** Input data follows **
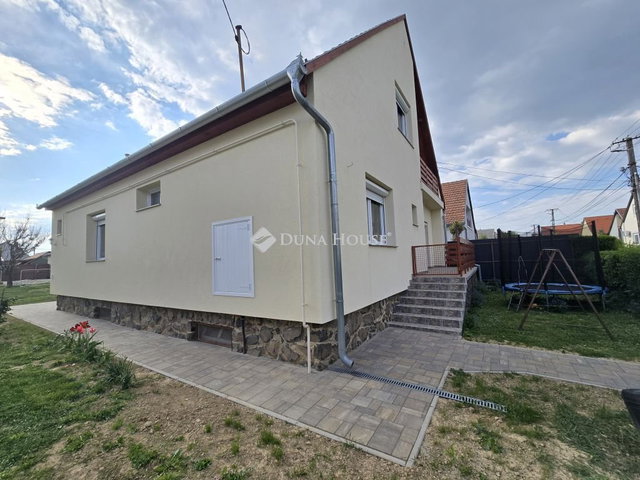 Eladó családi ház, Kozármislenyen, Móra Ferenc utcában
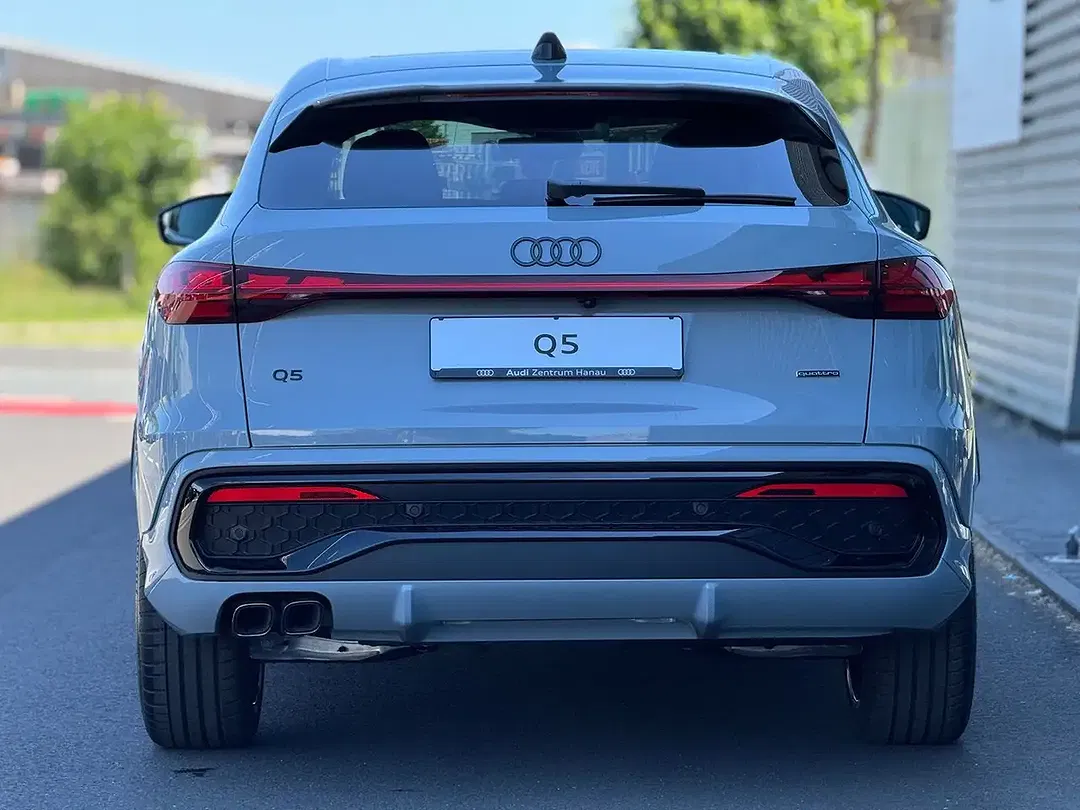 Audi Q5 - Thumbnail 4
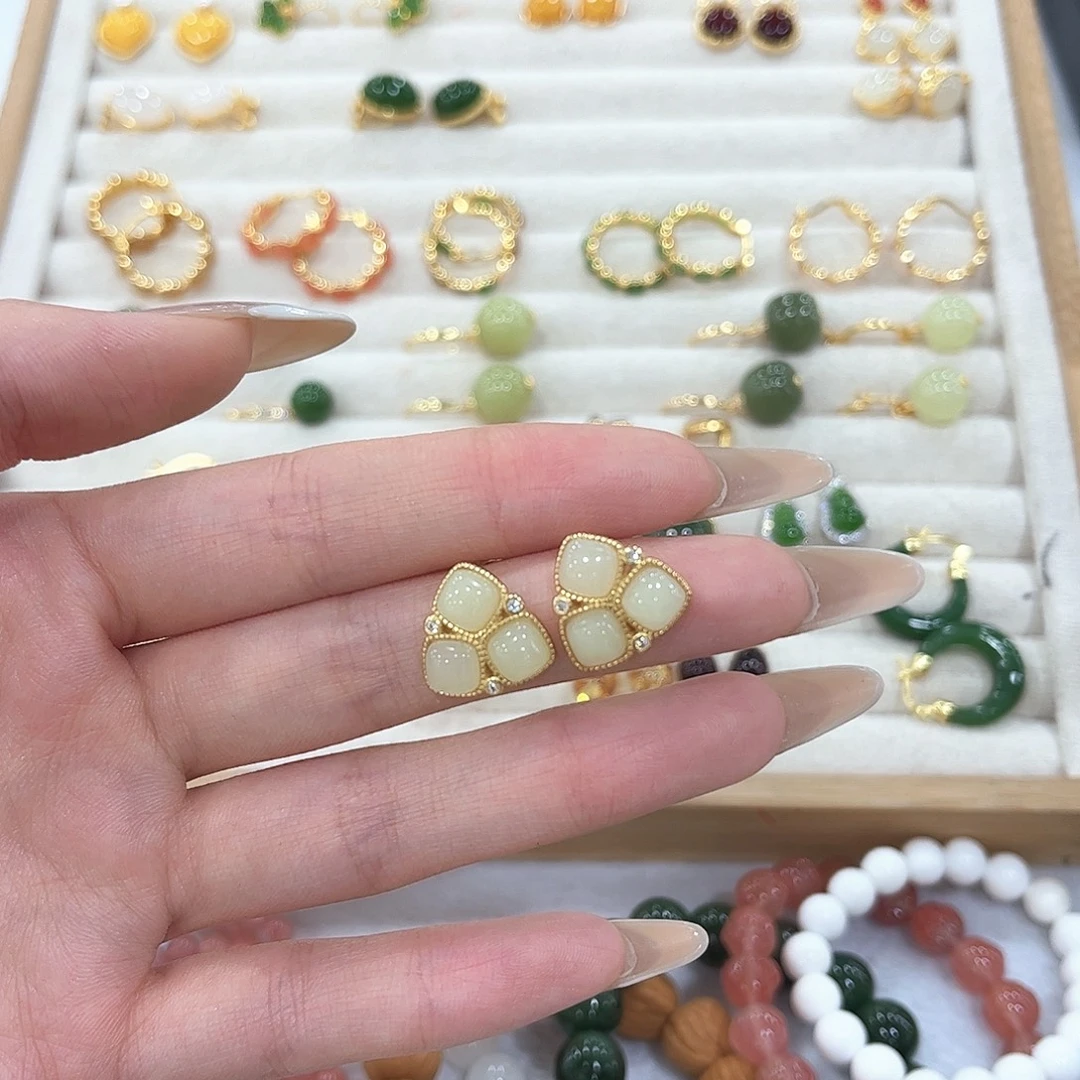 和田玉未镶嵌耳饰不退不换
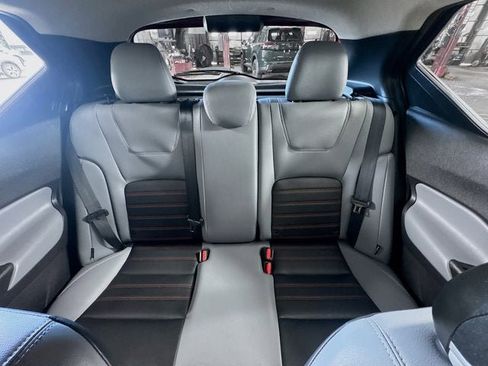 Used 2023 Nissan Kicks SR w/ SR Premium Package FWD image 20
** End of Input data **
Exercise aim.
Extract exactly the lines above from the line containing "Audi Q5 - Thumbnail 4" through the last one, both ends included, but not the pictures.

Output for this exercise.
 Audi Q5 - Thumbnail 4
 和田玉未镶嵌耳饰不退不换
 Used 2023 Nissan Kicks SR w/ SR Premium Package FWD image 20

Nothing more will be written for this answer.